Auch hier waren die Anfänge mühselig. Gern wurden verdiente Politiker dahin abgeschoben. Selbst nach der ersten Direktwahl 1979 hieß es noch "Hast du einen Opa, schick ihn nach Europa". Erst mit dem Vertrag von Lissabon, der 2009 in Kraft trat, hatte das EU-Parlament die volle Mitwirkung an allen Gesetzesvorhaben. Damit war das größte Demokratiedefizit aufgehoben.

EU-Parlament galt vielen nicht als adäquater Ersatz

Seinen Höhepunkt hatte das europäische Einigungsprojekt nach dem Fall des Eisernen Vorhangs. Die früheren kommunistischen Staaten des Warschauer Paktes, die baltischen Staaten, Polen, Tschechien, Slowakei, Ungarn, Bulgarien und Rumänien und mit Slowenien und Kroatien auch zwei Länder des früheren Jugoslawiens wurden in die Europäische Union integriert. Zum ersten Mal schien es, als ob die drei Versprechen Europas in vollem Maße erfüllt würden: Frieden, Demokratie und Wohlstand.
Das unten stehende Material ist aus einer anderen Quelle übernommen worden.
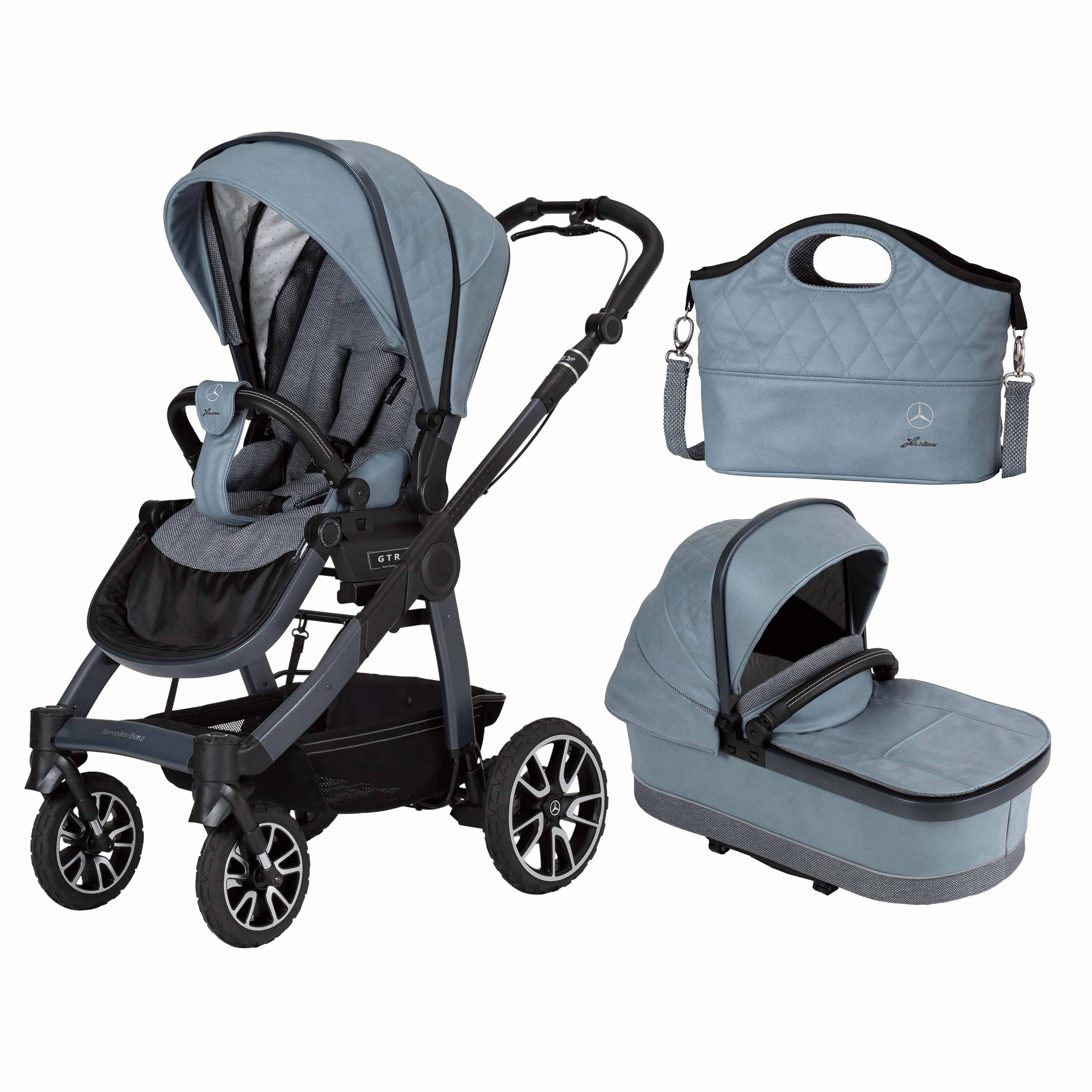 Mercedes Avantgarde All-Terrain GTR Stroller inc. Carrycot - Denimblau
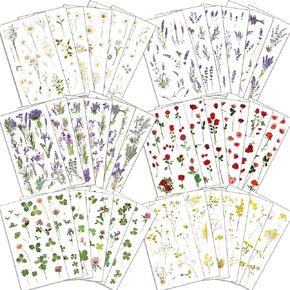 Assorted Flower Stickers - 36 Sheets Scrapbook Stickers Nature Stickers, Transparent Floral Resin Decals Aesthetic Decoration Stickers for Scrapbook Supplies Journals DIY Arts and Crafts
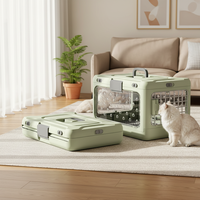 Caisse de transport transparente pour animaux de compagnie en PP, approuvée par les compagnies aériennes, pliable, facile à ranger, anti-stress, pour les voyages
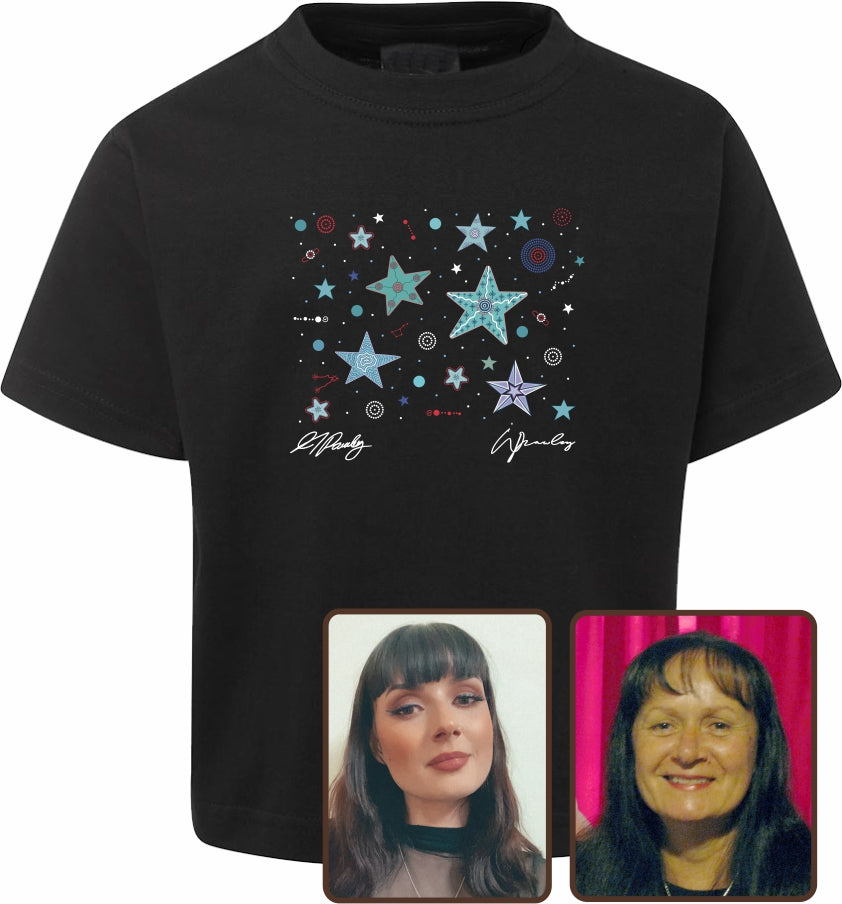 T Shirt Kids Regular Fit - Wendy and Alisha Pawley, Dreamtime Stars Design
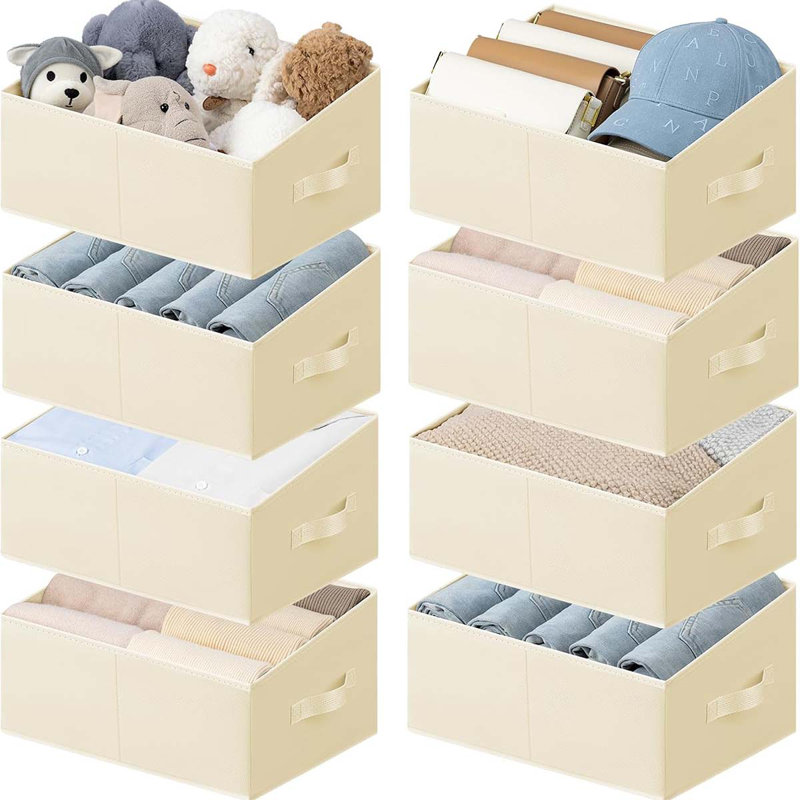 Bins Cube Storage Organizer - 8 Pack Fabric Trapezoid Storage Cubes For Bins And Baskets For Shelves Collapsible Non-Separating Trapezoidal Flared Cube Organizer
Mitten im größten Triumph zeigten sich Auflösungserscheinungen. Großbritannien stellte sich bei Projekten quer, vor allem gegen den im Maastricht-Vertrag geplanten Euro. Durch das doppelte Mehrheitsprinzip im Vertrag von Lissabon wurde zum ersten Mal das Prinzip der Verantwortlichkeit durchbrochen. Nationale Regierungen, die im Rat überstimmt wurden, konnten nicht mehr für die Entscheidungen verantwortlich gemacht werden. Das EU-Parlament galt vielen nicht als adäquater Ersatz.

Zugleich fingen die neuen Beitrittsländer an, Entscheidungen zu blockieren, demokratische Grundrechte in Frage zu stellen. Die Ebenen begannen zu verschwimmen, während die Brüsseler Bürokratie um immer neue Behörden aufgestockt wurde. "Die bürgerfernen Eurokraten in Brüssel" mussten für alle Übel herhalten. Fast die gesamte wirtschaftliche und ökologische Gesetzgebung wanderte nach Brüssel, die nationalen Parlamente mussten abnicken.

Politischer Aufruhr in Großbritannien

Als die Finanz- und Wirtschaftskrise den Raum des Euro mit voller Wucht traf und vertragswidrige Rettungsaktionen für überschuldete Länder auslöste, begann der Niedergang des europäischen Gedankens. Die EU wirkte wie ein überspanntes Imperium. Die Bürger wandten sich ab, die Wahlbeteiligung zum Europäischen Parlament unterschritt die 50-Prozent-Marke. Der große Schock kam mit dem Austrittsvotum der Briten. Die Statik und die Bedeutung Europas ist zertrümmert. An die Dreier-Balance Deutschland, Frankreich, Großbritannien tritt ein übermächtiges Deutschland und ein schwächelndes Frankreich.

In Großbritannien herrscht politischer Aufruhr, die Einheit des Landes ist in Gefahr, die tragenden Parteien zerlegen sich selbst. Es ist ein Schlag für diese innovative Idee, die die Nachkriegsordnung bestimmte und den Zusammenbruch der kommunistischen Welt meisterte, dann aber über die Spätfolgen einer Finanzkrise, einer unvorhergesehenen Flüchtlingswelle und einem isolationistischen Großbritannien strauchelte. Europa mag sich wieder fangen. Ihre alte Bedeutung und Ausstrahlung hat die europäische Idee erst einmal verloren.